You should try the new class-based generic views:
http://docs.djangoproject.com/en/dev/topics/class-based-views/

They're much more flexible.

On 10 December 2010 02:44, Rainy <andrei....@gmail.com> wrote:
> On Nov 8, 6:42 pm, Ted <ted.tie...@gmail.com> wrote:
>> What are their pros and cons?  How often do you use them when you're
>> coding?
>>
>> The more I code in django the less I find generic views to be useful
>> shortcuts (direct to template being the exception).
>>
>> My biggest complaints are:
>> * You don't end up saving many keystrokes unless you have 3 or more
>> views that are going to use the same info_dict.
>> * They can't be tweaked or changed much before you have to move the
>> code to the views file, destroying the keystroke savings.
>> * Second syntax for doing the same thing makes Django harder to
>> learn.
>>
>> Am I alone on this?
>>
>> I've thought about it and i think there is a better way.  I want to
>> see if there are others in the community who aren't in love with
>> generic views before I develop the alternate approach.
>>
>> I'm not trying to start a flame war.
>
> They may be useful sometimes but I've never needed them
> as I usually work on open-ended projects that would grow
> out of generic views soon even if they may be possible to
> use at first.
>
> I think there's a problem with the way generic views are
> introduced in documentation.
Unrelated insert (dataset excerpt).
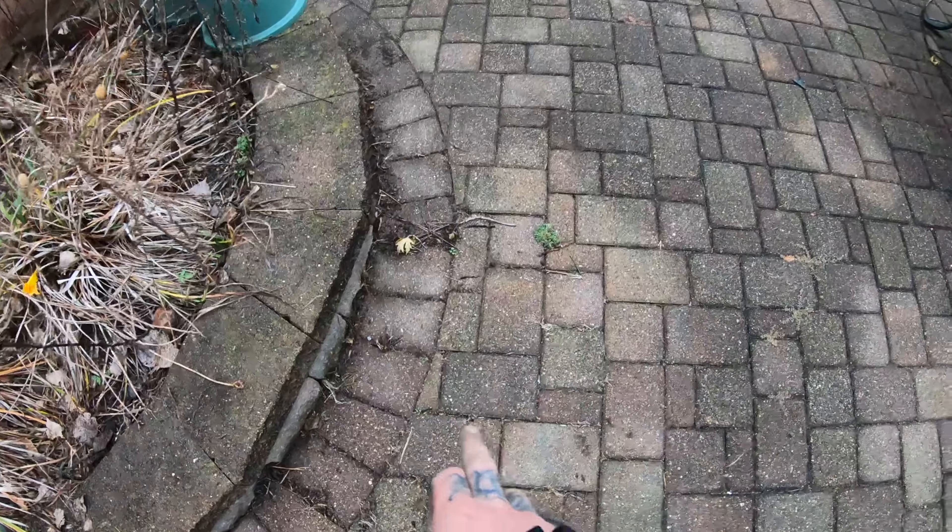What Sam and the crew are going to find out is that by isolating that area and attempting to repair it, he's creating two different planes. The patio has noticeably sunk in that area — the patio comes down this way — and by having this sharp line of repair work, he's going to have two planes in the patio, and that's not going to work.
I've actually tutored someone
> on use of Django and we ran into a problem that they
> started using generic views and kept asking me how to
> do this or that with them and they could do almost nothing
> they wanted. I could see it was frustrating for the student.
>
> I think the docs should either completely move generic
> views into some optional section or there should be an
> extremely clear and explicit walkthrough of their limits
> and a disclaimer that you shouldn't use them unless
> you're pretty sure they can do everything you need your
> app to do.
>
> I think I've seen a web talk by Adrian where he said
> generic views were introduced for designers (i.e.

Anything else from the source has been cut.